-- Exercise --
How many lines of the listing below contain "Sustainable"? State the number alone.

##########

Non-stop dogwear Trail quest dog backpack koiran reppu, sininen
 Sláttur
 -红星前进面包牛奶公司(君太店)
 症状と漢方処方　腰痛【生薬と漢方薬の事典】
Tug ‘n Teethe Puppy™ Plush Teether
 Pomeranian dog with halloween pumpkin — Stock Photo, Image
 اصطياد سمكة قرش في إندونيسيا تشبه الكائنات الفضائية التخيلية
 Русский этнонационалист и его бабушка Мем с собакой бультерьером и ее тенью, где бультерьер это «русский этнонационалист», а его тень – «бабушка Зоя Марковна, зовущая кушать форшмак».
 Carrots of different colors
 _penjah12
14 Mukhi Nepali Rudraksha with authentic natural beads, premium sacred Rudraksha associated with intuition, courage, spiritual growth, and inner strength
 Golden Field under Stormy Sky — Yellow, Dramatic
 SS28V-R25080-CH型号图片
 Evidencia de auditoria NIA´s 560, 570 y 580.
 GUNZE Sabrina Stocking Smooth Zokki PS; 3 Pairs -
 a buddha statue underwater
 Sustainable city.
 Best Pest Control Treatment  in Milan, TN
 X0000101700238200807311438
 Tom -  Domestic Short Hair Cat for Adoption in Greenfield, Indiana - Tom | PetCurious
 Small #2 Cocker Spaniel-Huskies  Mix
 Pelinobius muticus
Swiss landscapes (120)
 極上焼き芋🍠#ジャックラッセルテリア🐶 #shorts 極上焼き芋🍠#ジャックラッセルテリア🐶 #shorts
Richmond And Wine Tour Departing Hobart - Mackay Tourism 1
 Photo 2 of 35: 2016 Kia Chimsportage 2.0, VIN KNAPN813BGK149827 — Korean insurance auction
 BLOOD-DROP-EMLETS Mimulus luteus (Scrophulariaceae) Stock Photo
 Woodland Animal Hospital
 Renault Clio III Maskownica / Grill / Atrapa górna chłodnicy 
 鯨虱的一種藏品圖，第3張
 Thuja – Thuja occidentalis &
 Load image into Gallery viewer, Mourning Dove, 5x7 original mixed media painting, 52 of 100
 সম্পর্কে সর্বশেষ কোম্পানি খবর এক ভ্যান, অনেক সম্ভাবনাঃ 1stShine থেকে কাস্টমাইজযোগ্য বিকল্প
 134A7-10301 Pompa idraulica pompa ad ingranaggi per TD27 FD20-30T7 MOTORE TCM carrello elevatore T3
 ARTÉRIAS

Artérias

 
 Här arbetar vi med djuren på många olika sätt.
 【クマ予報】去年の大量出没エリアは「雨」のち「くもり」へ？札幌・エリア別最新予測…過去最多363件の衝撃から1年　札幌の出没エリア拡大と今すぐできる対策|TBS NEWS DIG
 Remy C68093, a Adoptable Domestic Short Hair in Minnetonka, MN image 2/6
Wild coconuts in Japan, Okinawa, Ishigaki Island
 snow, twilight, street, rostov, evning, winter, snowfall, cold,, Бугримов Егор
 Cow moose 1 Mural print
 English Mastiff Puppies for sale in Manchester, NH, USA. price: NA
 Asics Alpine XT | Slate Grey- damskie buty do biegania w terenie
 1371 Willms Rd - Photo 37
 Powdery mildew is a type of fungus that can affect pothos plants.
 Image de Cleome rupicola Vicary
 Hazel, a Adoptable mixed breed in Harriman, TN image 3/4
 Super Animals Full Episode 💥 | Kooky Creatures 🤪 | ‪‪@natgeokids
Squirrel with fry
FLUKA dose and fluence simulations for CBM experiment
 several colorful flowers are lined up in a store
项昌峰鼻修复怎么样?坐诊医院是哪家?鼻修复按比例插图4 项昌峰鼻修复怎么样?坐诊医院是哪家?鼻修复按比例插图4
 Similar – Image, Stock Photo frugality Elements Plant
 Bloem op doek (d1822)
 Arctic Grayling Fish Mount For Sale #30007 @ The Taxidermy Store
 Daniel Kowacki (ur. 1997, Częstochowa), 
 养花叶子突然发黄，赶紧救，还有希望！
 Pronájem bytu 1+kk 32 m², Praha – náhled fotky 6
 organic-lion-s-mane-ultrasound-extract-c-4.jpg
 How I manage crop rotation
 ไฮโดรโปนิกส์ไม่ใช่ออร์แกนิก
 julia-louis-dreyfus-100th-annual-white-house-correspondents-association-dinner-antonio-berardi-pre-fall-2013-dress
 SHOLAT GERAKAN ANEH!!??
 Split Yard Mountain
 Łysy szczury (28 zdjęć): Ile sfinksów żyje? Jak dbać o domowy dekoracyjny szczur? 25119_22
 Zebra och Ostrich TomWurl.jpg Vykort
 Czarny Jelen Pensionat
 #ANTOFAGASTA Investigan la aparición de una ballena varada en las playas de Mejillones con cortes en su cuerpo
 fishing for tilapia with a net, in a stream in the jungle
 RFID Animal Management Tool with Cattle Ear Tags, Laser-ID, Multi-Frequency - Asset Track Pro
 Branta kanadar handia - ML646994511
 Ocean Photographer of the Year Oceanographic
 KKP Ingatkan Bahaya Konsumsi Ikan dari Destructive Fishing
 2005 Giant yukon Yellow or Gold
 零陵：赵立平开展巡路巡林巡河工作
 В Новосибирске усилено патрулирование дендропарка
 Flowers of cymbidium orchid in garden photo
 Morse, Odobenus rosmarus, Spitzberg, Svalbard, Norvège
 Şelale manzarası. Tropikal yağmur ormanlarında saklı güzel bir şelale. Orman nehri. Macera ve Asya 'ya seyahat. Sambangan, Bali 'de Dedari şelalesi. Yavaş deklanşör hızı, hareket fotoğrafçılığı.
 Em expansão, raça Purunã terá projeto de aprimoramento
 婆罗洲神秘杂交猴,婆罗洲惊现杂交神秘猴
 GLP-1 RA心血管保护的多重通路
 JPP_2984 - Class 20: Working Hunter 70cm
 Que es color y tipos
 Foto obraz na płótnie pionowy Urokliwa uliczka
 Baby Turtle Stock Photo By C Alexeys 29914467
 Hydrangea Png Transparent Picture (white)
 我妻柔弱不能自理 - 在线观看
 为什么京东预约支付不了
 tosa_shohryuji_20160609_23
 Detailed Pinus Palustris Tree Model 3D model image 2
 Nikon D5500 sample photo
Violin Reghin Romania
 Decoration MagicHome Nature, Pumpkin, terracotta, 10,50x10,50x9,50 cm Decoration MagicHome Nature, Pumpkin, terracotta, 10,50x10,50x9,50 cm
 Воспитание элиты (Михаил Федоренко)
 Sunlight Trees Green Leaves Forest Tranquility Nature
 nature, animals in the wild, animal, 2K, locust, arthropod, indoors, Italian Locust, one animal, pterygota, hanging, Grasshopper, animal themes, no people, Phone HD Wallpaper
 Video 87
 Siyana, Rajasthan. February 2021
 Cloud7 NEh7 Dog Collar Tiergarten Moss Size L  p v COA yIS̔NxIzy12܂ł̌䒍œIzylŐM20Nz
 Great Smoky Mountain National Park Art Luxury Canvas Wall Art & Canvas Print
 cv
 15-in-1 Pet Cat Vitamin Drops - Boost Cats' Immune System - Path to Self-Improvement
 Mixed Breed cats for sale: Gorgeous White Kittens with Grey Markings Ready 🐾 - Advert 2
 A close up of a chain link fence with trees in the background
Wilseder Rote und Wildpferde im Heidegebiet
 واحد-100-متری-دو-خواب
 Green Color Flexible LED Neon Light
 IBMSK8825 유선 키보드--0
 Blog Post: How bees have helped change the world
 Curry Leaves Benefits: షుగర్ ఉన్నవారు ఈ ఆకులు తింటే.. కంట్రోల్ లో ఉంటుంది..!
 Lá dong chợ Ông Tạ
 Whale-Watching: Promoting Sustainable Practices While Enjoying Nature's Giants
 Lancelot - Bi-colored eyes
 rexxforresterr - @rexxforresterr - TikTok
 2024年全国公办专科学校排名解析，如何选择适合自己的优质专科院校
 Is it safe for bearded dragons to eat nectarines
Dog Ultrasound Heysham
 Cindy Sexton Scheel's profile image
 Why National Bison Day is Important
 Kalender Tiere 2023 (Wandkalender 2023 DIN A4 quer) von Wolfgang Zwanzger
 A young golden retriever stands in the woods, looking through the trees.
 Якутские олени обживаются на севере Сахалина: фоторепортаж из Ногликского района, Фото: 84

##########

-- Final answer --
2